- AIM OF THE EXERCISE
With both ends included, repeat exactly the lines of the entries below from the one containing "Sandalias Abbacino zapatos" down to the one containing "Testbericht zum Ford", and no others.
-------- DATA EXTRACT --------
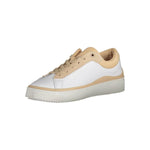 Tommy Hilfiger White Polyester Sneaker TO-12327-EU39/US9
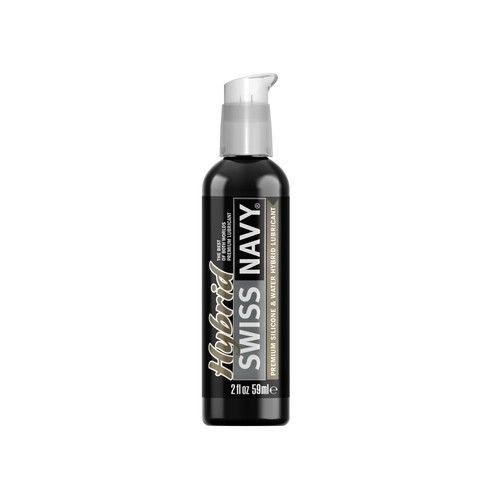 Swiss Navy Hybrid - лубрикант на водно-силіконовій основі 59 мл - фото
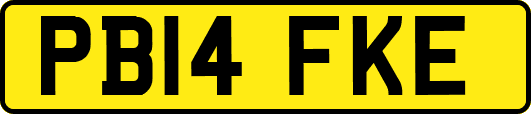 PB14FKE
--------
-------- DATA EXTRACT --------
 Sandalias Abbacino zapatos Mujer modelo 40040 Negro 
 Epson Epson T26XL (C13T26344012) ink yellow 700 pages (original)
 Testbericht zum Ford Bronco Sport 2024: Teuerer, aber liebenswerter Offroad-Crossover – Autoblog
--------
- ANSWER FOR THIS EXERCISE
 Sandalias Abbacino zapatos Mujer modelo 40040 Negro 
 Epson Epson T26XL (C13T26344012) ink yellow 700 pages (original)
 Testbericht zum Ford Bronco Sport 2024: Teuerer, aber liebenswerter Offroad-Crossover – Autoblog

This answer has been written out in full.